# Chief Ladiga Trail



## JHud51 (Jun 27, 2005)

Does anyone know the status of the construction to the Georgia line? It was supposed to be finished by August 2007.


----------



## zyzbot (Feb 3, 2004)

Xxxxxx.


----------



## Rickyracer (Sep 28, 2006)

yep, I read the same thing. I believe it's complete.


----------



## JHud51 (Jun 27, 2005)

Has anyone here ridden the entire length yet?


----------



## dawg (Mar 13, 2002)

*more info*

This is an email I received in April 2007 which anticiapted that it would be done by this month:

"As of mid April, the contractor (Strain) is continuing to grade and compact the surface of the unpaved eastern section (4.5 miles). They are out there in full force every day this week. With any luck the pavement process will start in three to four weeks and be completed in mid to late May. 
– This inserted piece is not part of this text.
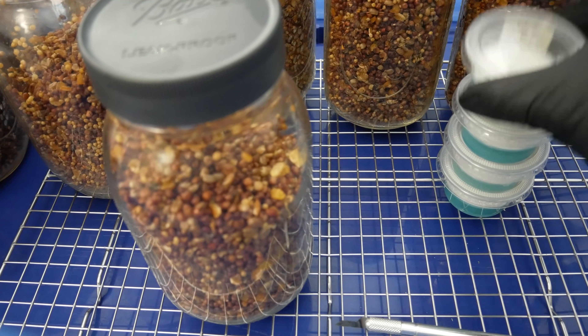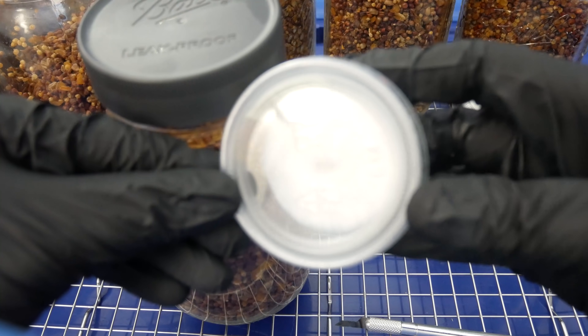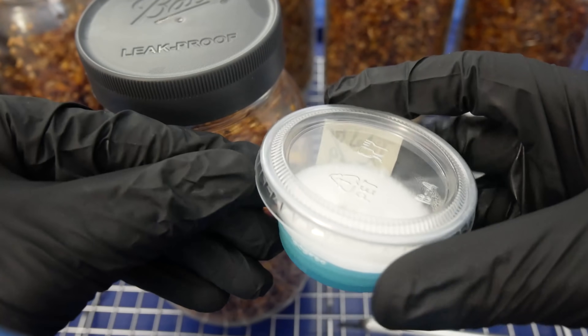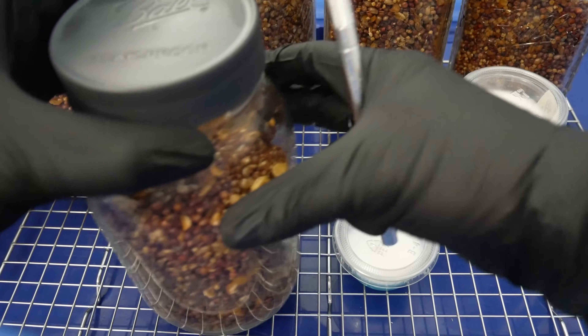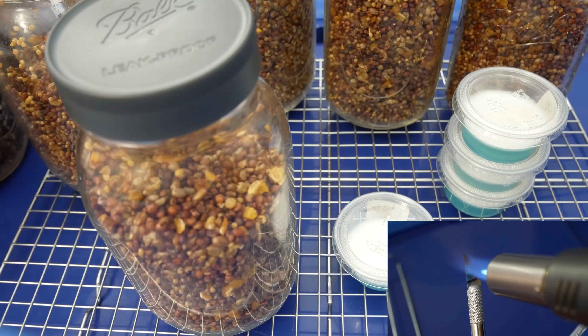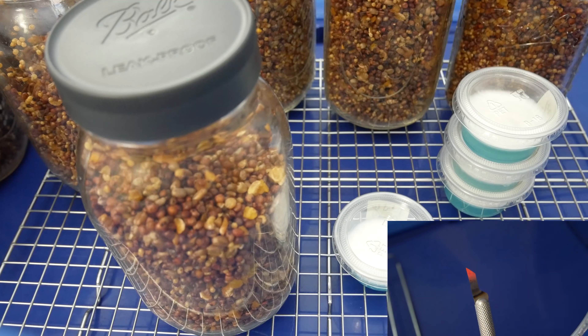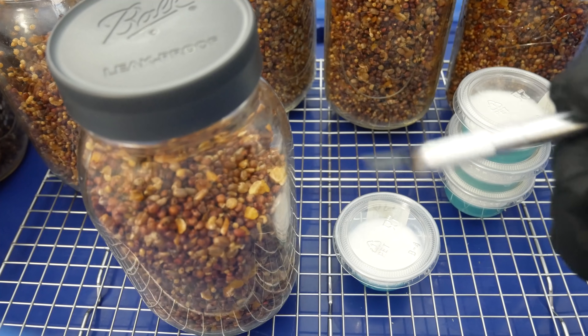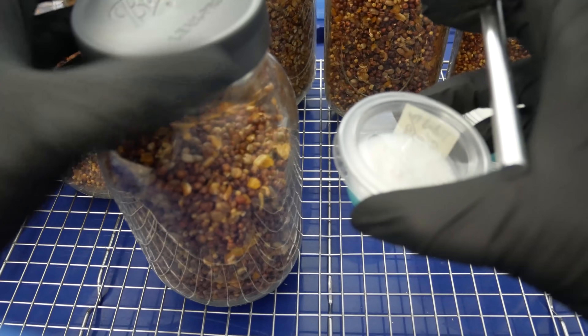Grain jars will serve the same purpose. The grains will provide plenty of nutrients for mycelium to feed off of and colonize as it becomes stronger. Here you can see my fully colonized agar cups — they're ready to go. I like to use usually one whole cup per quart jar. You can use more or less; depending on the amount that you use will determine how quickly your jars will colonize.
In the meanwhile, the unpaved west section (4 miles) is waiting for its “Preconstruction Conference” with the Alabama Department of Transportation (AlaDOT). That should occur in late April so that actual construction would begin in the July-August timeframe. With these tentative dates in mind, it seems probable that an actual ribbon cutting to connect Alabama’s Chief Ladiga to Georgia’s Silver Comet will take place in September 2007."


----------